--- Task brief ---
Print every entry again, precisely as written.

___ Information given

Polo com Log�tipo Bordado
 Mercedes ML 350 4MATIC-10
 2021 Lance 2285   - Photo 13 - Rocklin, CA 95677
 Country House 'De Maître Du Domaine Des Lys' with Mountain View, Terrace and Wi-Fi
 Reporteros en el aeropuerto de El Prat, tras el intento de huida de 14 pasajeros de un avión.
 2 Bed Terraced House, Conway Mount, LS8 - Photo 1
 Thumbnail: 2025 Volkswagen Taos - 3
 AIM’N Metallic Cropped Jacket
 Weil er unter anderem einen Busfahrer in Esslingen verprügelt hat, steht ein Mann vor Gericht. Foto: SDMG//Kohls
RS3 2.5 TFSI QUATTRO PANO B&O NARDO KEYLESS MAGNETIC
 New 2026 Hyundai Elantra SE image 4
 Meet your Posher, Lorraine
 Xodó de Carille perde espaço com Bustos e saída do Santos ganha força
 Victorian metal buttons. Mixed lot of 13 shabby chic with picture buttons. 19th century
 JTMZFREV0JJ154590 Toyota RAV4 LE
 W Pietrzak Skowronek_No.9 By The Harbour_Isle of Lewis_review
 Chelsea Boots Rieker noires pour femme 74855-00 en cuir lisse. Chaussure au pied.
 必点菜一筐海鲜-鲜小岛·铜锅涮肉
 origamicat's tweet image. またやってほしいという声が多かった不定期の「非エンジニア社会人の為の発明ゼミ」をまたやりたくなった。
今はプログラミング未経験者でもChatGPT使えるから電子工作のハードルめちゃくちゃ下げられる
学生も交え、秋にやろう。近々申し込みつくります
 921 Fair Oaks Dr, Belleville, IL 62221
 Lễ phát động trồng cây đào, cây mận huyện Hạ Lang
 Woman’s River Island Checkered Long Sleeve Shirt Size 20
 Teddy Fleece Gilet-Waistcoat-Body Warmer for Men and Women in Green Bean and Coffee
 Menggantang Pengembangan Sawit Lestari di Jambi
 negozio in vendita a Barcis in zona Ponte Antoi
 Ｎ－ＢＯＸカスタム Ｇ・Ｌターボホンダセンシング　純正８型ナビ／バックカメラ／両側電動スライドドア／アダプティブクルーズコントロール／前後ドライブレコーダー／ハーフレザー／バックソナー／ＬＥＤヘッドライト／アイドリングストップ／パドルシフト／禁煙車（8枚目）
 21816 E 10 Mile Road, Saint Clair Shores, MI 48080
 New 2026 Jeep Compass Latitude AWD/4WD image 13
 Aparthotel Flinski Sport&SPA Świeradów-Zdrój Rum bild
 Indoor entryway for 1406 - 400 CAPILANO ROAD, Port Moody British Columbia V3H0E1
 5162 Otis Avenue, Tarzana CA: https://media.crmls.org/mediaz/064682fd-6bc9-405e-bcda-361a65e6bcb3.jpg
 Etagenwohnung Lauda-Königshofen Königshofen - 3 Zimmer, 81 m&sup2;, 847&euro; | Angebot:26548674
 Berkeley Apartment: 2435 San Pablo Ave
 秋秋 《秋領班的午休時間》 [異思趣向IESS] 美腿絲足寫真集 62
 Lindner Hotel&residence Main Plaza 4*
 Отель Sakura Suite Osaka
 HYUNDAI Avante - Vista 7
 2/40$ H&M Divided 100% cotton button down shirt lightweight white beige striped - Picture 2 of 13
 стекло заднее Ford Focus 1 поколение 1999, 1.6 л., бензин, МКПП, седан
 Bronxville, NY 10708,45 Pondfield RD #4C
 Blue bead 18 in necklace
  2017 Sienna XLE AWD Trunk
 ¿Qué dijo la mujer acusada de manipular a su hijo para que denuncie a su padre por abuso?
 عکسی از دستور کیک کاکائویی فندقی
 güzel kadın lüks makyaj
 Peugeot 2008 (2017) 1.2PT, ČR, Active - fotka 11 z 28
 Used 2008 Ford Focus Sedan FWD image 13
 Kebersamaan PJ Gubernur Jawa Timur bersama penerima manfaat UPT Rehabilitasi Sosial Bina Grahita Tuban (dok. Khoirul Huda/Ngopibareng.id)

______

--- Task response ---
Polo com Log�tipo Bordado
 Mercedes ML 350 4MATIC-10
 2021 Lance 2285   - Photo 13 - Rocklin, CA 95677
 Country House 'De Maître Du Domaine Des Lys' with Mountain View, Terrace and Wi-Fi
 Reporteros en el aeropuerto de El Prat, tras el intento de huida de 14 pasajeros de un avión.
 2 Bed Terraced House, Conway Mount, LS8 - Photo 1
 Thumbnail: 2025 Volkswagen Taos - 3
 AIM’N Metallic Cropped Jacket
 Weil er unter anderem einen Busfahrer in Esslingen verprügelt hat, steht ein Mann vor Gericht. Foto: SDMG//Kohls
RS3 2.5 TFSI QUATTRO PANO B&O NARDO KEYLESS MAGNETIC
 New 2026 Hyundai Elantra SE image 4
 Meet your Posher, Lorraine
 Xodó de Carille perde espaço com Bustos e saída do Santos ganha força
 Victorian metal buttons. Mixed lot of 13 shabby chic with picture buttons. 19th century
 JTMZFREV0JJ154590 Toyota RAV4 LE
 W Pietrzak Skowronek_No.9 By The Harbour_Isle of Lewis_review
 Chelsea Boots Rieker noires pour femme 74855-00 en cuir lisse. Chaussure au pied.
 必点菜一筐海鲜-鲜小岛·铜锅涮肉
 origamicat's tweet image. またやってほしいという声が多かった不定期の「非エンジニア社会人の為の発明ゼミ」をまたやりたくなった。
今はプログラミング未経験者でもChatGPT使えるから電子工作のハードルめちゃくちゃ下げられる
学生も交え、秋にやろう。近々申し込みつくります
 921 Fair Oaks Dr, Belleville, IL 62221
 Lễ phát động trồng cây đào, cây mận huyện Hạ Lang
 Woman’s River Island Checkered Long Sleeve Shirt Size 20
 Teddy Fleece Gilet-Waistcoat-Body Warmer for Men and Women in Green Bean and Coffee
 Menggantang Pengembangan Sawit Lestari di Jambi
 negozio in vendita a Barcis in zona Ponte Antoi
 Ｎ－ＢＯＸカスタム Ｇ・Ｌターボホンダセンシング　純正８型ナビ／バックカメラ／両側電動スライドドア／アダプティブクルーズコントロール／前後ドライブレコーダー／ハーフレザー／バックソナー／ＬＥＤヘッドライト／アイドリングストップ／パドルシフト／禁煙車（8枚目）
 21816 E 10 Mile Road, Saint Clair Shores, MI 48080
 New 2026 Jeep Compass Latitude AWD/4WD image 13
 Aparthotel Flinski Sport&SPA Świeradów-Zdrój Rum bild
 Indoor entryway for 1406 - 400 CAPILANO ROAD, Port Moody British Columbia V3H0E1
 5162 Otis Avenue, Tarzana CA: https://media.crmls.org/mediaz/064682fd-6bc9-405e-bcda-361a65e6bcb3.jpg
 Etagenwohnung Lauda-Königshofen Königshofen - 3 Zimmer, 81 m&sup2;, 847&euro; | Angebot:26548674
 Berkeley Apartment: 2435 San Pablo Ave
 秋秋 《秋領班的午休時間》 [異思趣向IESS] 美腿絲足寫真集 62
 Lindner Hotel&residence Main Plaza 4*
 Отель Sakura Suite Osaka
 HYUNDAI Avante - Vista 7
 2/40$ H&M Divided 100% cotton button down shirt lightweight white beige striped - Picture 2 of 13
 стекло заднее Ford Focus 1 поколение 1999, 1.6 л., бензин, МКПП, седан
 Bronxville, NY 10708,45 Pondfield RD #4C
 Blue bead 18 in necklace
  2017 Sienna XLE AWD Trunk
 ¿Qué dijo la mujer acusada de manipular a su hijo para que denuncie a su padre por abuso?
 عکسی از دستور کیک کاکائویی فندقی
 güzel kadın lüks makyaj
 Peugeot 2008 (2017) 1.2PT, ČR, Active - fotka 11 z 28
 Used 2008 Ford Focus Sedan FWD image 13
 Kebersamaan PJ Gubernur Jawa Timur bersama penerima manfaat UPT Rehabilitasi Sosial Bina Grahita Tuban (dok. Khoirul Huda/Ngopibareng.id)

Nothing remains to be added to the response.